The creation and delivery of a business strategy is a Sisyphean act; it is never-ending. It is developed in formal meetings and corridor conversations and is delivered through major change projects as well as the daily conversations between your customers and front-line teams.
The work is never done. But, at various stages in the life of any organisation, the work has to start.
Sometimes your market changes rapidly, demanding a strategic re-think, while, at other times, a more gradual decline in results leads to questions about the company’s strategy.
Whatever, the reason, there are times when you need to focus on clarifying the future direction of your business, its purpose, how it will succeed and the handful of priorities you need to focus on.
So, here’s how, with a little bit of preparation, you can develop a clear strategic direction in just a couple of days….
First, some pre-work will be required. When I’m working with clients, I will lead the creation of an insight pack that highlights: (1) Where you’re making money and where you’re not; (2) Where you’re growing and where you’re not; (3) What your customers think of you and your competitors, and their buying behaviours; (4) The big trends and uncertainties in your markets; (5) Your competitors’ strategies, performance and competitive positions; (6) What your people feel about working with you, and their overall commitment and capability; and (7) An understanding of your key assets and capabilities that help you (at least potentially) stand out from the crowd. I know this sounds like quite a lot, but I am usually able to get to a good position in just 2-3 weeks with my clients.
The second bit of pre-work is to give the attendees some homework. Ask them to visit competitors, talk to customers, research some benchmark companies in other industries and meet with other industry leaders. All of these tasks take people out of the ‘here and now’ of your business and helps to prepare them for a series of broader strategy discussions.
When it comes to the development of a high-level strategy, I find the best approach is an off-site 48-hour, two-day session of the leadership team. This allows your executive team to settle into the strategy discussions, forget some of the immediate operational issues and start to focus on the future. The key is that the team do the work, not me; after all, it’s their strategy, not mine, and if they are to inspire themselves and others to deliver it, they must first truly own it.
The meeting runs something like this:
Day 1: Clarify the issues and opportunities.
We meet in the late afternoon and work through a 3-4 hour session to meet, agree objectives and to review the insight work, idenityfing major issues and agreeing some areas of focus. By doing this on the first evening, I find that people really hit the ground running on the following morning and are far more productive than if they meet in the morning.
Day 2: Develop the outline strategy.
The day starts by reflecting on the previous evening’s work and then looking at the future possibilities for the company’s markets and its business. New ideas are generated and we build on this momentum by using a series of tools and structured discussions and exercise to develop an outline strategy, covering (1) A #1 strategic goal; (2) An understanding of the potential future playing field of the business; (3) Agreement about how the business will win going forward; and (4) The major areas of focus for action and development to bring the strategy to life.
Day 3: Moving forward.
We generally work until early/mid afternoon, as people are generally worn out by this time, and focus our discussions and timetable on (1) Defining the type of organisation required to deliver the strategy: (2) Setting out an initial view of the major milestones and performance requirements for the business over the next 2-3 years; and (3) A clear action plan to get moving at pace. With specific goals for the next week, month and quarter that will move the business forward.
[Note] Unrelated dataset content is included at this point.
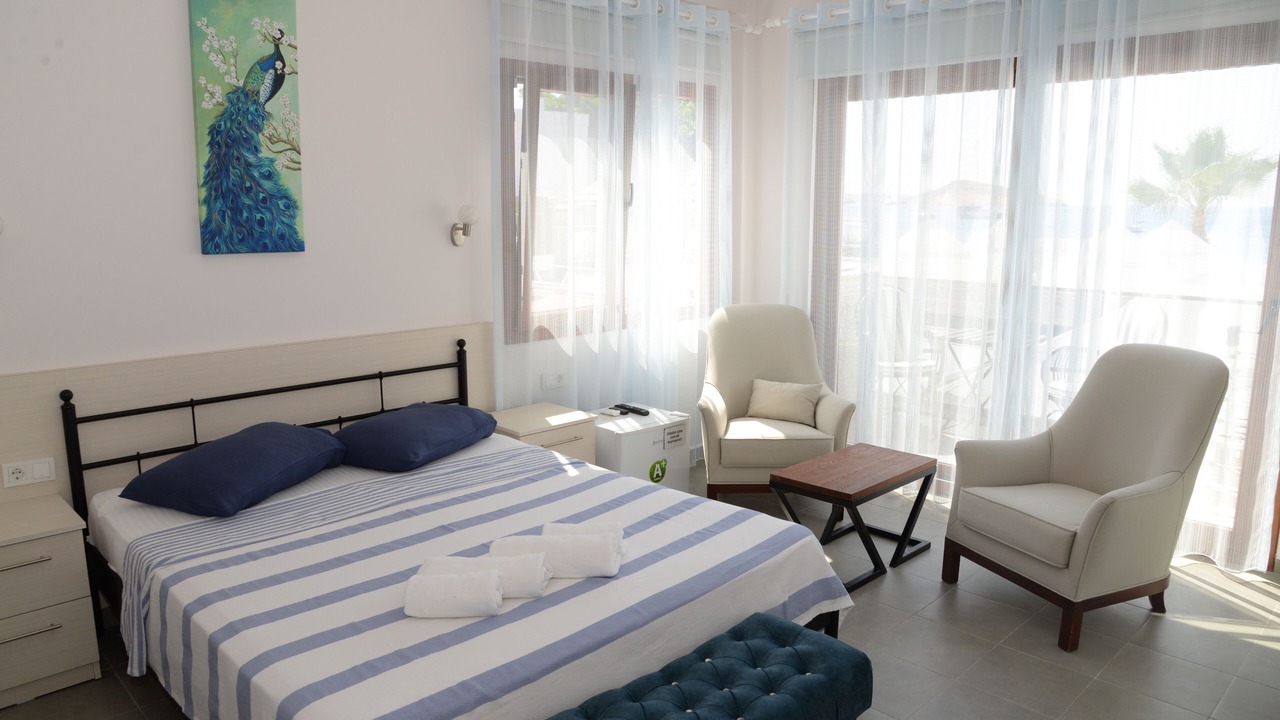 Photo of Bedroom in Ortakent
At this stage, the detailed work of exactly what needs to be done to deliver the new strategy still has to be done. I generally appoint leaders of these workstreams in the meeting and ask them to report back with their plans in two weeks’ time. But you will already have achieved a lot.
You will have clarity on your big, strategic performance goal. You will have a shared understanding of how you want to lead your markets and differentiate yourself from your competition. And you will have agreed your big strategic priorities for the next 2-3 years. Not bad for a couple of days work!
How much would your business benefit from taking 48-hours to clarify its future direction and establish how it will grow and thrive?